This fall I’ve joined Professors Andrew Gordon (History) and Theodore Bestor (Anthropology) in teaching a course on the disasters in Japan in March 2011 — it has proven very suggestive for approaches to a new “humanities studio” model, and here I’d like to sketch some of the things I see raised so far.

At the course’s core is the Japan Disaster Archive, a digital archive developed at Harvard over the last two and a half years by the Reischauer Institute in collaboration with metaLAB, Zeega, and the Center for Geographic Analysis. Within hours of the 9.0 earthquake a number of organizations inside and outside Japan began an unprecedented effort to gather and make accessible the billowing mass of digital records connected to these events. The basis of the JDA’s contribution is its aggregation of an increasingly large measure of these organizations’ material into a single place, primarily through APIs — photos from Yahoo! Japan and Tohoku University, tweets from Hypercities, documentaries from Sendai Mediatheque, etc. The archive platform provides the means for users to explore this aggregate by keyword or by time and place, making it possible, for instance, to see in bird’s-eye view the tweets during the anti-nuclear protests in April 2011 in Tokyo. The archive — and the term is unusual, especially given how little the JDA stores — also invites a range of participatory responses, allowing users to annotate and expand the evolving index of records, and, most suggestively, to use those records as the basis for community storytelling. Users can add tags and translate; they can submit new content found on the web with the JDA bookmarklet; and they can pull items together into shareable collections. Collections can stand on their own or feed into multimedia nonlinear presentations, authored with an editor built for the archive by metaLAB creative technologist Jessica Yurkofsky.
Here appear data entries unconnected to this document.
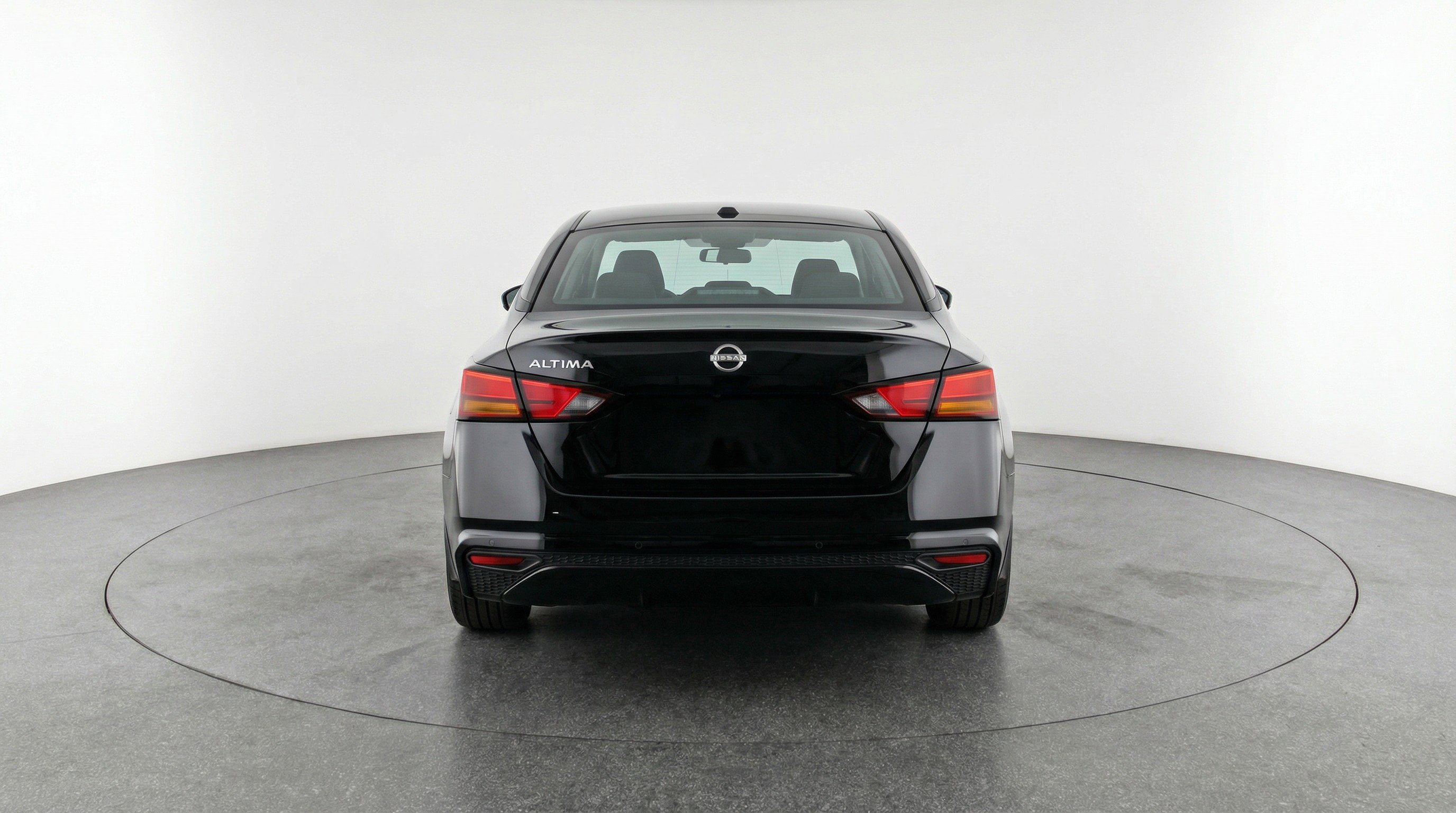 Used 2025 Nissan Altima 2.5 SV FWD image 7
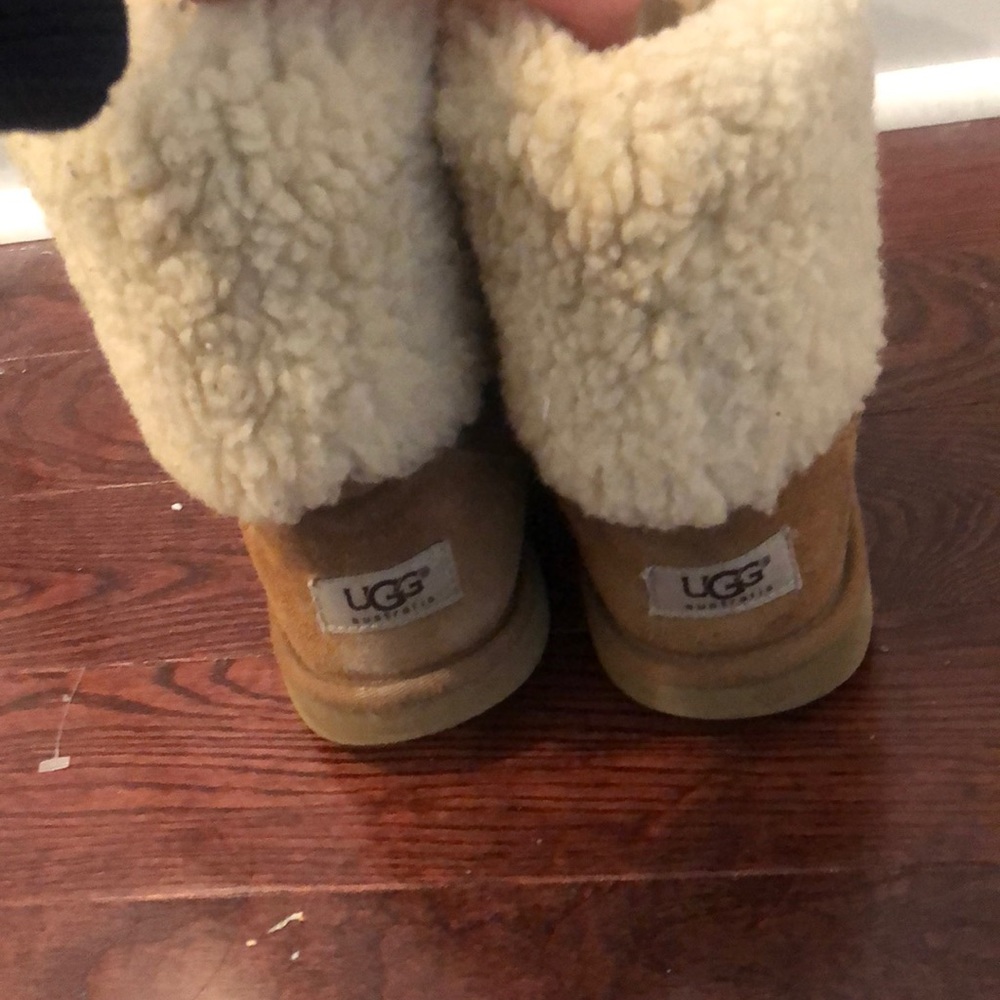 uggs - Picture 2 of 3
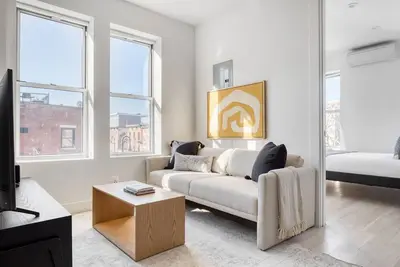 Image de Dreamy Boerum Hill 2br w\/ W\/D, near Bk Bridge Park & TJs, by Blueground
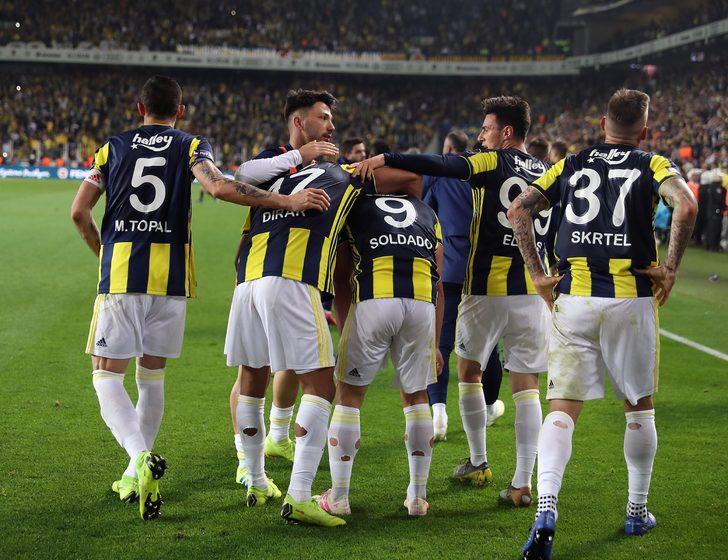 Sezon sonunda birçok takımın makyaja ihtiyacı olacak. Başakşehir'in de makyaja ihtiyacı var. Fenerbahçe'nin makyaja değil estetik olmaya ihtiyacı var.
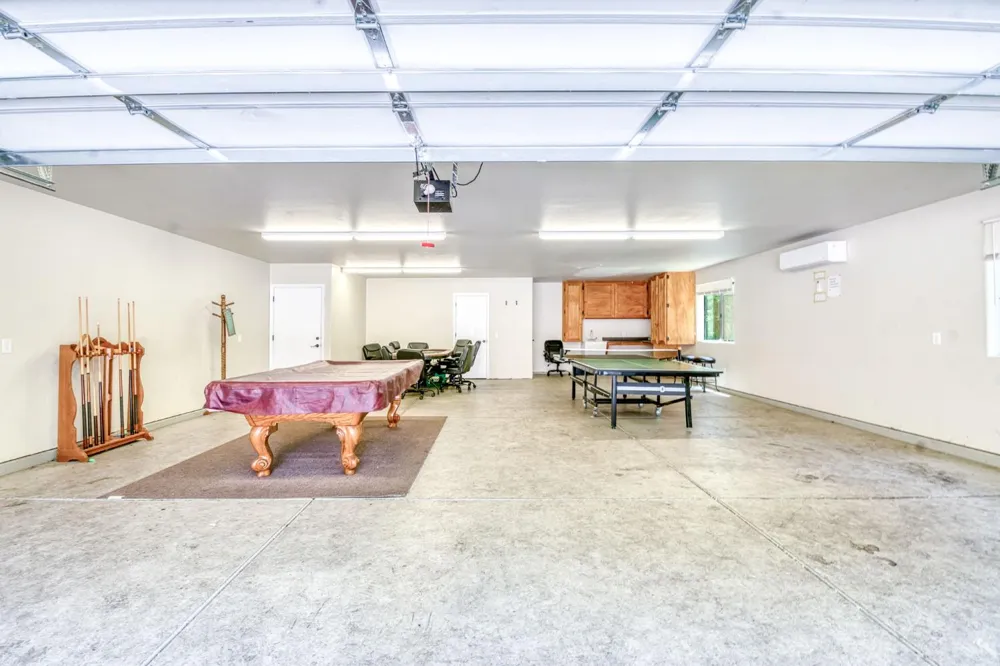 39145 Checkerbloom Lane Shaver Lake, CA 93664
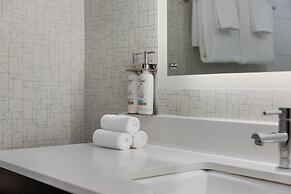 Holiday Inn Express Windsor Waterfront by IHG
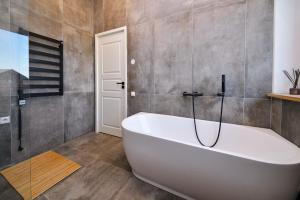 考納斯的住宿－MG - Namai，一间位于客房内的带白色浴缸的浴室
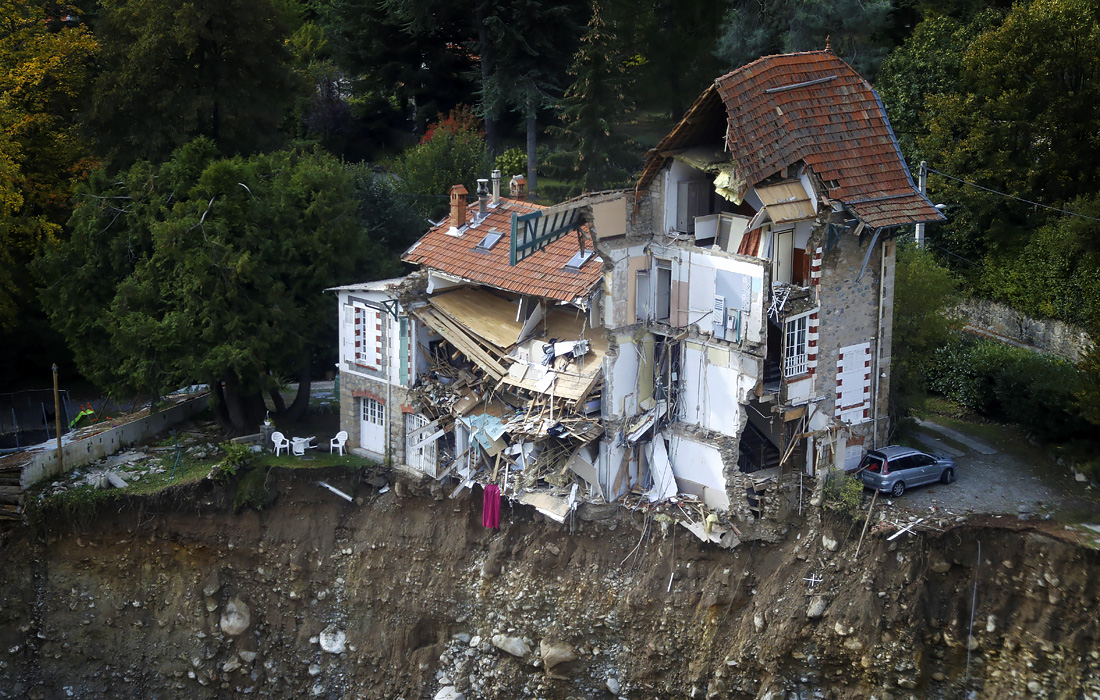 К югу от деревни Сен-Мартен-Везуби во Франции обрушилась дорога из-за шторма "Алекс". В результате наводнения четыре человека погибли, десятки людей в Италии и Франции числятся пропавшими.
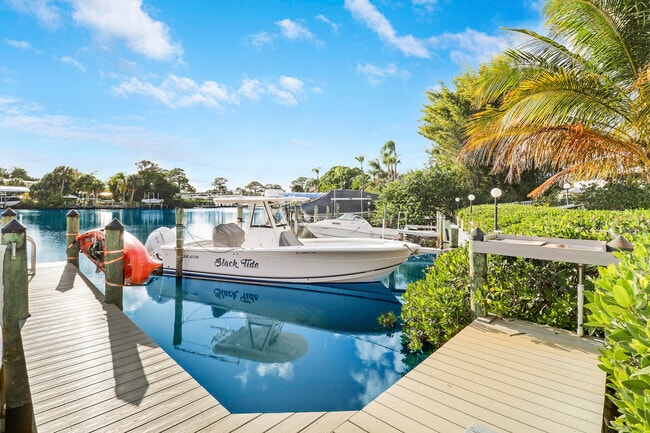 Building Photo - 964 NW Spruce Ridge Dr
Before turning to the course it’s worth recasting the foregoing narrative in terms other than the vocabulary of software development, which seems to me to risk eliding the singularity of the actual lived project. Here we have an emergent community — professors, post-docs, librarians, administrators, graduate students, undergraduates, volunteers — forging untested social formations within the University and across the world for the sake of cross-national digital memory construction; here we have millions of records whose single through-line is extraordinary upheaval — the tragedy born of this upheaval but also the subsequent resilience, unknowing, recovery, contradiction, reconstruction; here we have shared confidence that even at this scale and complexity archives must join other media in serving as active sites of discourse and production; and here we have a tool that is also a propositional machine — pressing us to think stakes, potentials and contradictions in this project and others like and unlike it. A conference at Harvard in January followed out some of the most challenging lines of inquiry in the practice of “participatory archiving”; I tried to capture and build upon them in a subsequent “field report” for Contents Magazine.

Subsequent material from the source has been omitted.